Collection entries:
++++

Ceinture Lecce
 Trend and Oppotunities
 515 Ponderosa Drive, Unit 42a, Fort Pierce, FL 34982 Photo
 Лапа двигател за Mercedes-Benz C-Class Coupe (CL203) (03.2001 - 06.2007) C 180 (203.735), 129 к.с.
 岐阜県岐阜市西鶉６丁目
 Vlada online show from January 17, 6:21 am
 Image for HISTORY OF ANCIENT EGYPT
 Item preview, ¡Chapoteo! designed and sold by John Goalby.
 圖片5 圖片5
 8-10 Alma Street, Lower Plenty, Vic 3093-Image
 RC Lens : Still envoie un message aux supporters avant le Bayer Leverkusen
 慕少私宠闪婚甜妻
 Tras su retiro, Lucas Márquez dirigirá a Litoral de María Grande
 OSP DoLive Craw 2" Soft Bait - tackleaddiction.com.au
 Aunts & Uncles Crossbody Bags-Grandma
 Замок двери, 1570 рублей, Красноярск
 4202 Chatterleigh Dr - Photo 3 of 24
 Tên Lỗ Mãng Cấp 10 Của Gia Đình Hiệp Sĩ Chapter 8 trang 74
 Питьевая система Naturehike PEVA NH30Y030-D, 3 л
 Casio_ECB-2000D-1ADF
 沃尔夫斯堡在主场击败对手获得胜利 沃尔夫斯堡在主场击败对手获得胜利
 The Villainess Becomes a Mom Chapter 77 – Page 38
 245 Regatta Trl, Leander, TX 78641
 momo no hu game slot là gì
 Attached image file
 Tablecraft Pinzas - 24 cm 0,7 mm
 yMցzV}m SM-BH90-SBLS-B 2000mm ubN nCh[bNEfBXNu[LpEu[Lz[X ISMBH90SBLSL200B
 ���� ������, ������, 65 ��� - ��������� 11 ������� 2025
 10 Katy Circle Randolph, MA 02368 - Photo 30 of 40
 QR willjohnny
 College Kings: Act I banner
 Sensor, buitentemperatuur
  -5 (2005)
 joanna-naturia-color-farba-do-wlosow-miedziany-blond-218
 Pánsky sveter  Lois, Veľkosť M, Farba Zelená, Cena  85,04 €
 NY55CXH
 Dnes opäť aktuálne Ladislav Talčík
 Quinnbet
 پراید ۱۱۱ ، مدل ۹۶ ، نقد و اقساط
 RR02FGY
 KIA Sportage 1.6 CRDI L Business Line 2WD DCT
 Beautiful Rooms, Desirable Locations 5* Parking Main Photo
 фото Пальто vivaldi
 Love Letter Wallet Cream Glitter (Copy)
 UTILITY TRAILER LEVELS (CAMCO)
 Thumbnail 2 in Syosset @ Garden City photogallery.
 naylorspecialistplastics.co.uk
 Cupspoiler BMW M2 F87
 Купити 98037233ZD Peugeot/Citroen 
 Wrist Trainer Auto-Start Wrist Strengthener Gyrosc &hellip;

++++

Say how many lines in the data include the string "Chapter", giving the number alone.

2